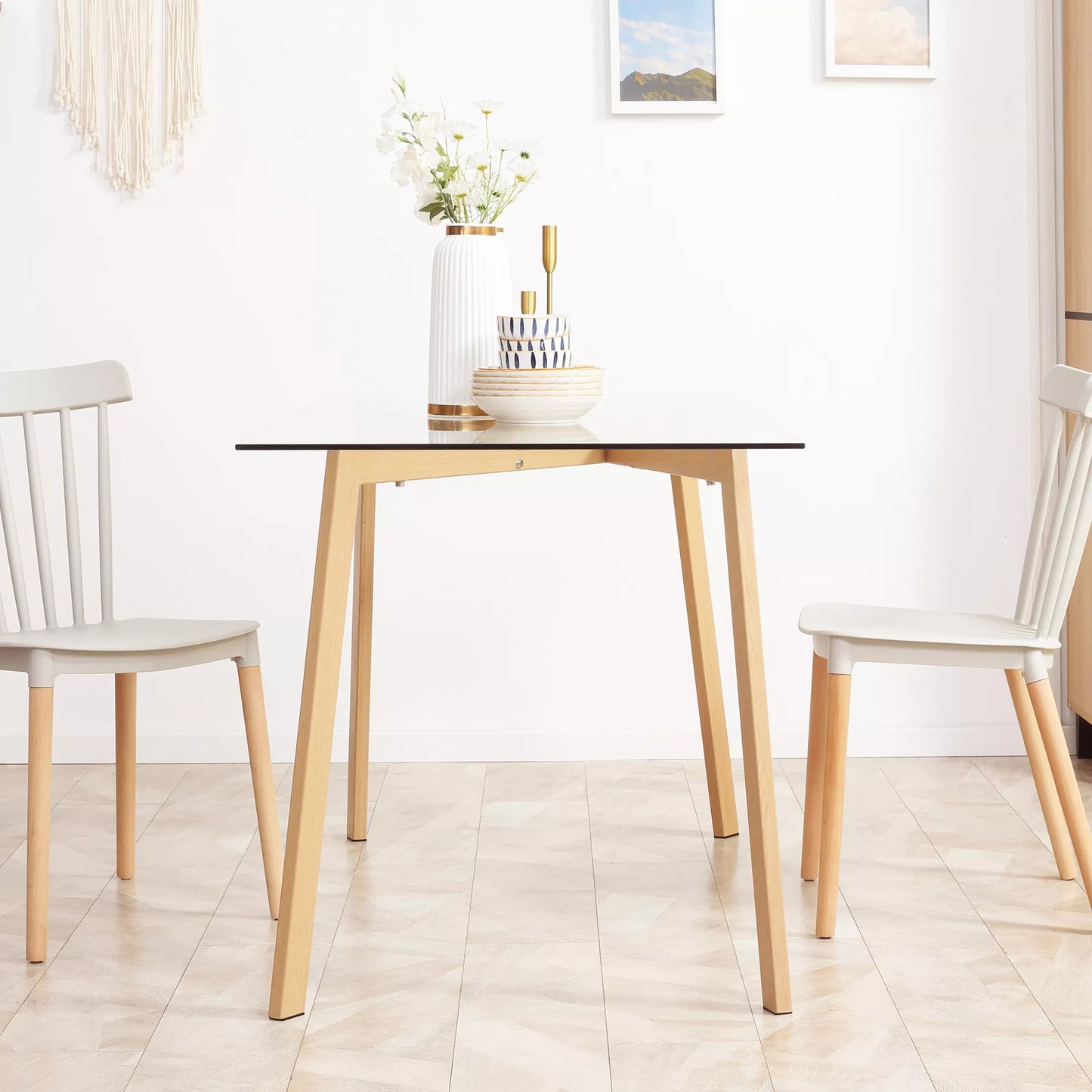 Valgomojo stalas 4 asmenims, stiklinis stalviršis, plieno rėmas, medžio išvaizda, 120I x 60P x 76A cm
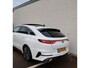 Kia ProCeed 1.6 T-GDi 204pk DCT7 GT Automaat I Panoramadak I Stoelverw. I Camera I PDC V+A I Memory I Navi I 18 Inch I JBL Sound I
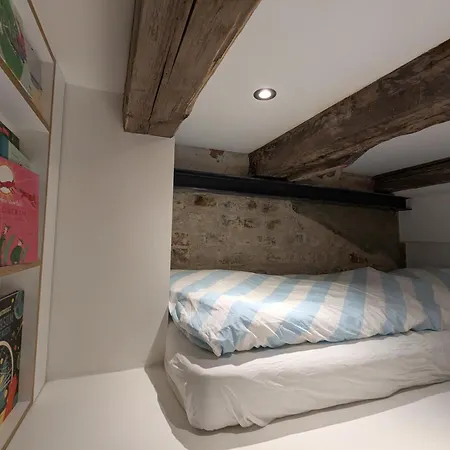 Altstadtflucht 鲁纳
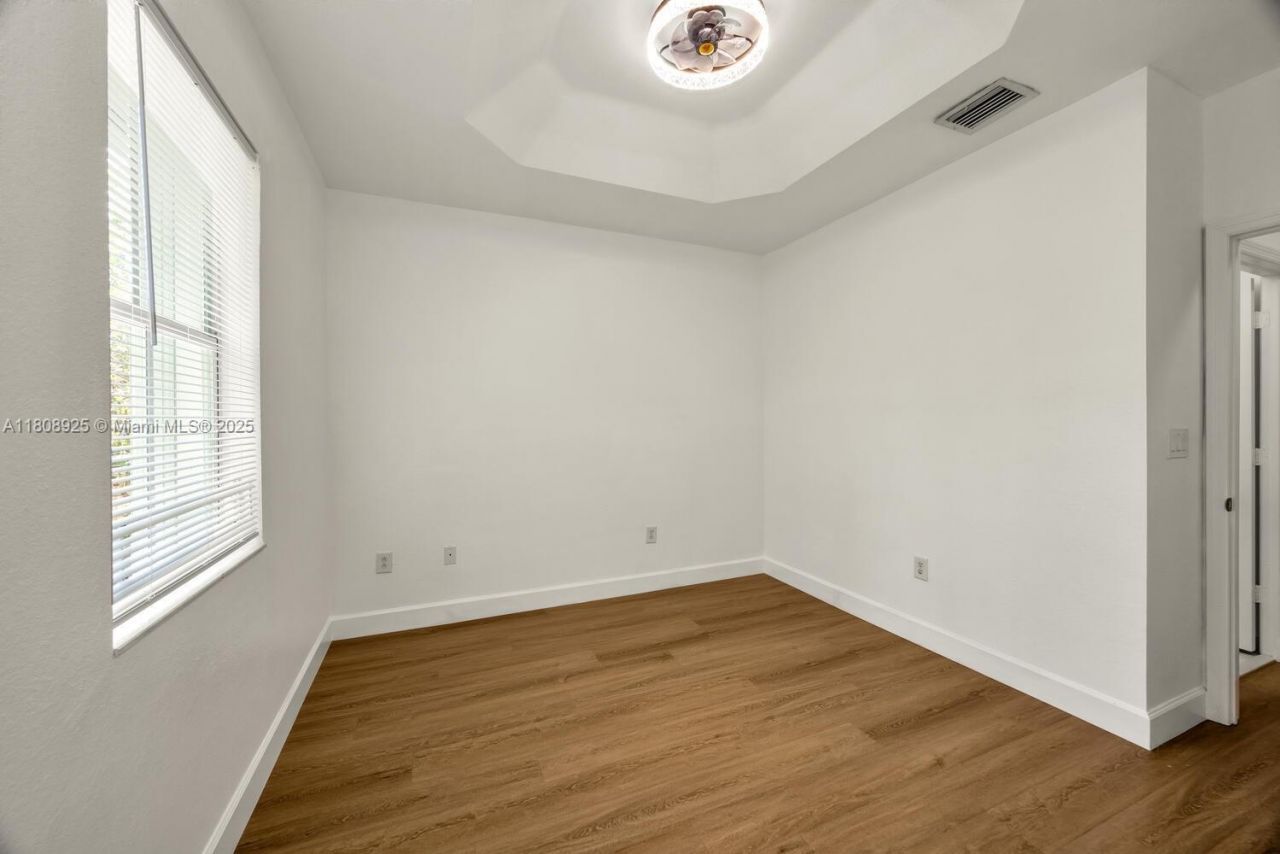 2928 SE 2nd St, Unit 5, Homestead, FL 33033 Photo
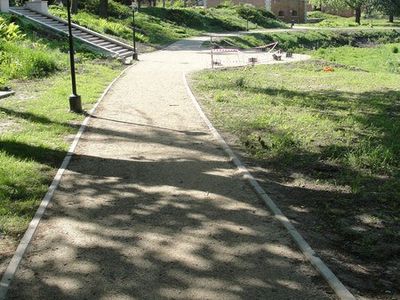 Alejka wzdłuż skarpy, park w Zamościu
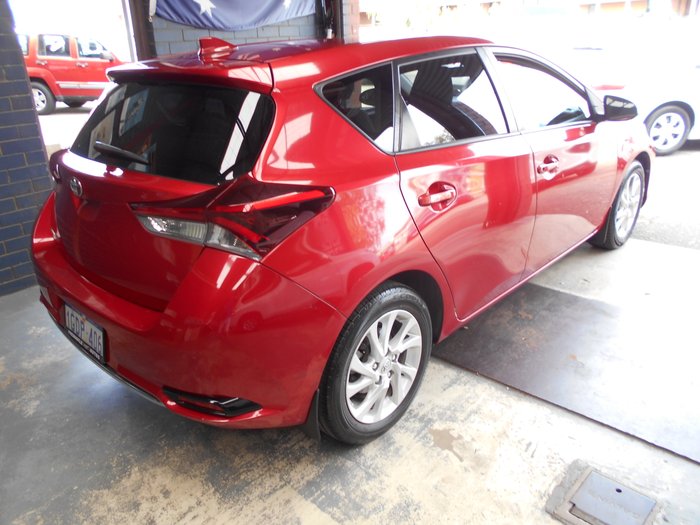 2016 TOYOTA COROLLA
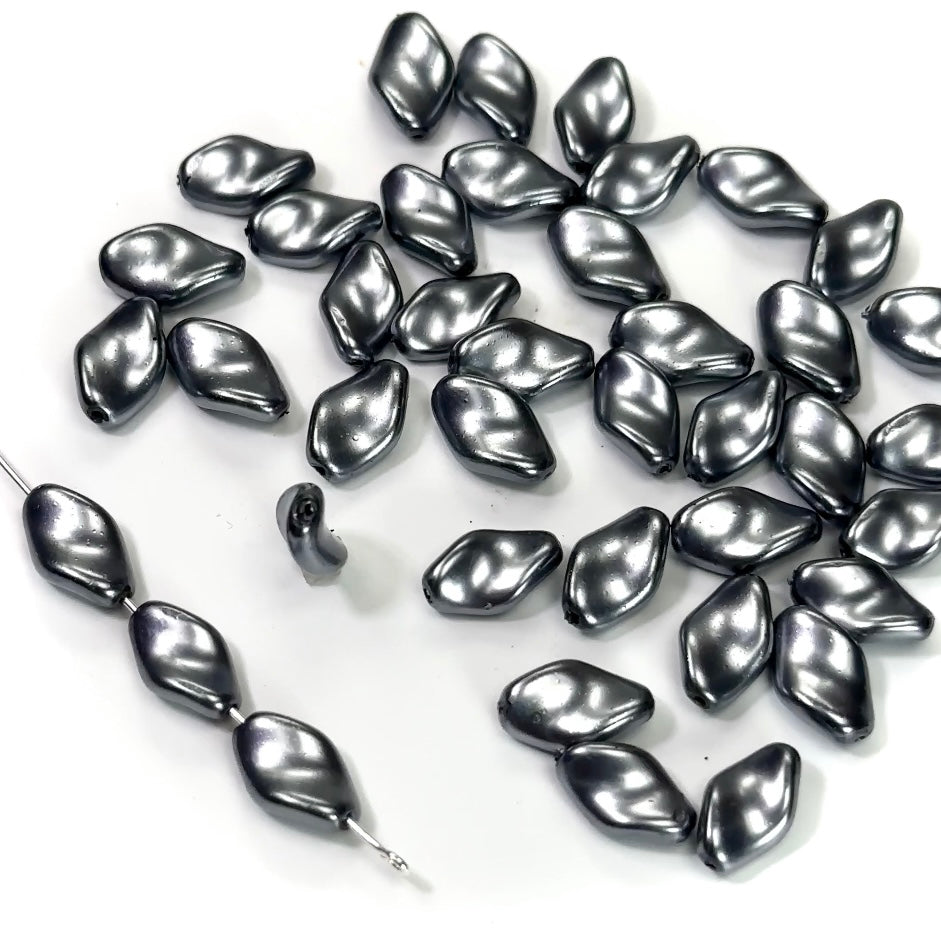 Czech Fancy Twisted Glass Pearls 14x8mm Dark Grey Hematite color 40 pieces CL199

* * * * *

Output the records verbatim, every one of them, and keep the pictures out.

 Valgomojo stalas 4 asmenims, stiklinis stalviršis, plieno rėmas, medžio išvaizda, 120I x 60P x 76A cm
 Kia ProCeed 1.6 T-GDi 204pk DCT7 GT Automaat I Panoramadak I Stoelverw. I Camera I PDC V+A I Memory I Navi I 18 Inch I JBL Sound I
 Altstadtflucht 鲁纳
 2928 SE 2nd St, Unit 5, Homestead, FL 33033 Photo
 Alejka wzdłuż skarpy, park w Zamościu
 2016 TOYOTA COROLLA
 Czech Fancy Twisted Glass Pearls 14x8mm Dark Grey Hematite color 40 pieces CL199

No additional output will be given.